===== THE DATA
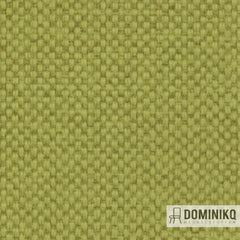 Vyva Fabrics - Maglia - 16020 - Maui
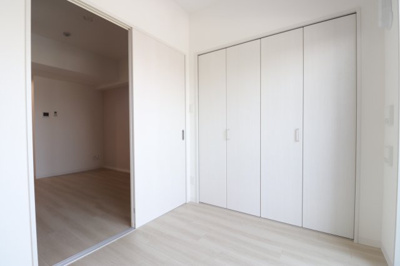 【洋室】 | Mv.imp大阪放出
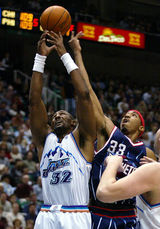 ����������д��ͼƬ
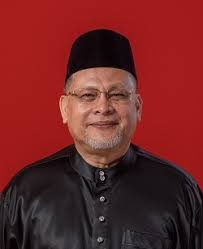 Kelantan biotech corporation sdn bhd adalah anak syarikat perbadanan menteri besar kelantan, dipengerusikan oleh menteri besar kelantan. Portal Rasmi Kerajaan Negeri Kelantan Ahli Majlis Mesyuarat Kerajaan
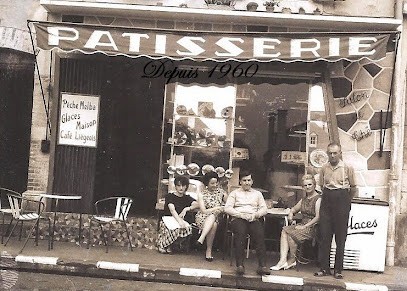 Patisserie Vignau Jean, Pâtisserie à Argelès-Gazost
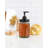 Soap Dispenser
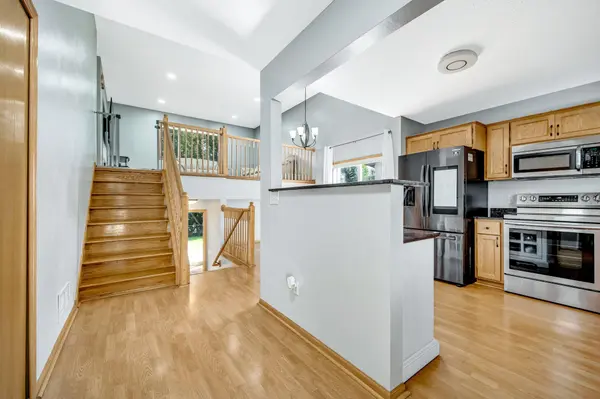 10971 Able ST NE, Blaine, MN 55434
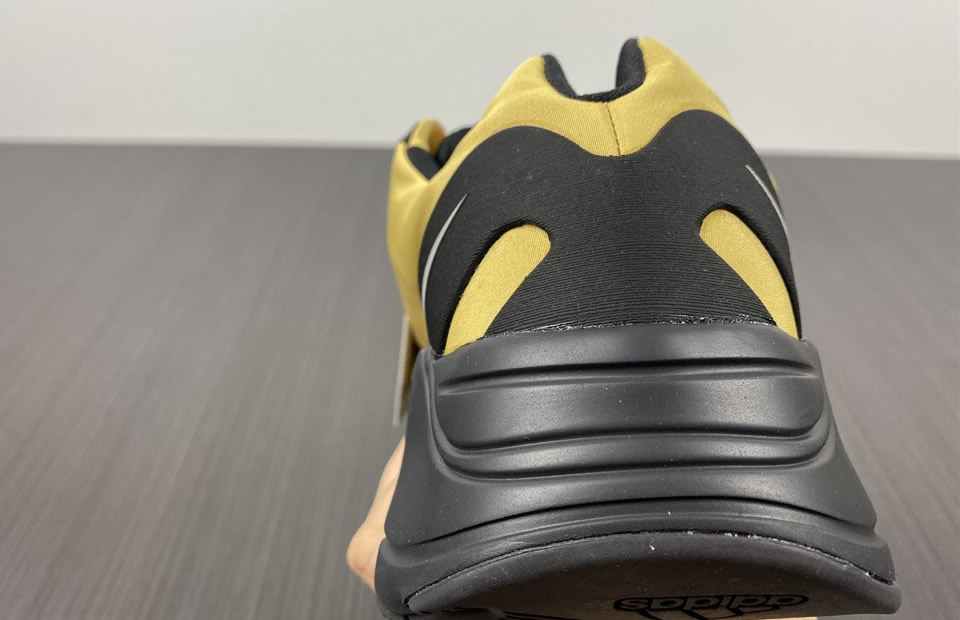 Yeezy Boost 700 Mnvn Honey Flux Gz0717 13 - www.kickbulk.cc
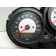 Compteur jauge essence, compte tour, tableau de bord YAMAHA 850 TDM an 1999 type 4TX réf 5DM-83570-20, 5DM-8353E-20, 4YR-83512-00, 4YR-85750-01
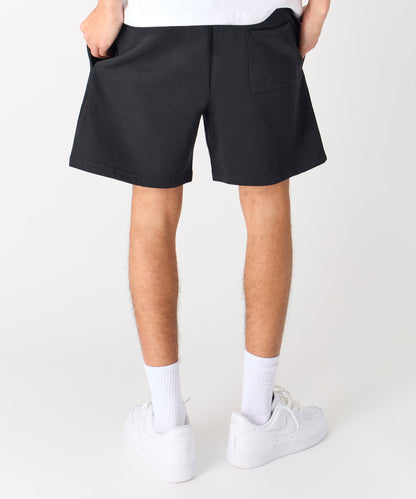Reason Clothing Trending One Of A Kind Short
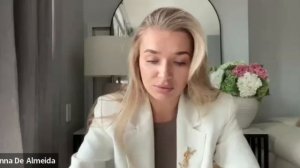 «О ЕГО ИЗМЕНЕ ЗНАЛИ ВСЕ, КРОМЕ МЕНЯ!»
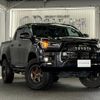 toyota hilux 2023 GOO_NET_EXCHANGE_0202956A30250522W001 image 71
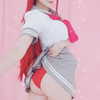 hidori_rose Altpins Profile Picture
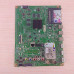 Main EAX66207203(1.0) 62988414 LG 49LF640 (LC490DUE-MGP2)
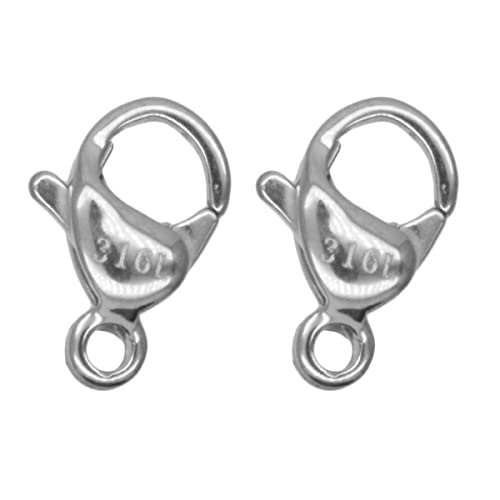 [Piena(sGi)]T[WJXeX ANZT[p[c ߋ 2Zbg ̂ JjJ (Vo[ 9mm)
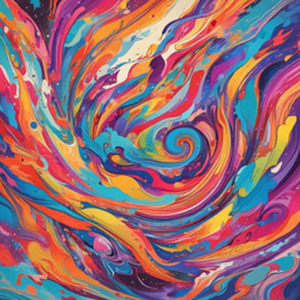 violence don't suffice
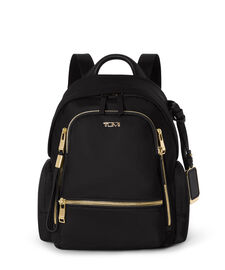 VOYAGEUR Celina Mittelgro&szlig;er Rucksack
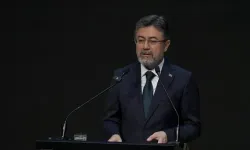 Milyonlar Akın Etti! 2025’te En Çok Ziyaret Edilen Milli Park Belli Oldu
==========
_PROBLEM TO WORK ON_
Output the data exactly. Leave every picture out.

_EXERCISE RESULT_
 Vyva Fabrics - Maglia - 16020 - Maui
 【洋室】 | Mv.imp大阪放出
 ����������д��ͼƬ
 Kelantan biotech corporation sdn bhd adalah anak syarikat perbadanan menteri besar kelantan, dipengerusikan oleh menteri besar kelantan. Portal Rasmi Kerajaan Negeri Kelantan Ahli Majlis Mesyuarat Kerajaan
 Patisserie Vignau Jean, Pâtisserie à Argelès-Gazost
 Soap Dispenser
 10971 Able ST NE, Blaine, MN 55434
 Yeezy Boost 700 Mnvn Honey Flux Gz0717 13 - www.kickbulk.cc
 Compteur jauge essence, compte tour, tableau de bord YAMAHA 850 TDM an 1999 type 4TX réf 5DM-83570-20, 5DM-8353E-20, 4YR-83512-00, 4YR-85750-01
Reason Clothing Trending One Of A Kind Short
 «О ЕГО ИЗМЕНЕ ЗНАЛИ ВСЕ, КРОМЕ МЕНЯ!»
 toyota hilux 2023 GOO_NET_EXCHANGE_0202956A30250522W001 image 71
 hidori_rose Altpins Profile Picture
 Main EAX66207203(1.0) 62988414 LG 49LF640 (LC490DUE-MGP2)
 [Piena(sGi)]T[WJXeX ANZT[p[c ߋ 2Zbg ̂ JjJ (Vo[ 9mm)
 violence don't suffice
 VOYAGEUR Celina Mittelgro&szlig;er Rucksack
 Milyonlar Akın Etti! 2025’te En Çok Ziyaret Edilen Milli Park Belli Oldu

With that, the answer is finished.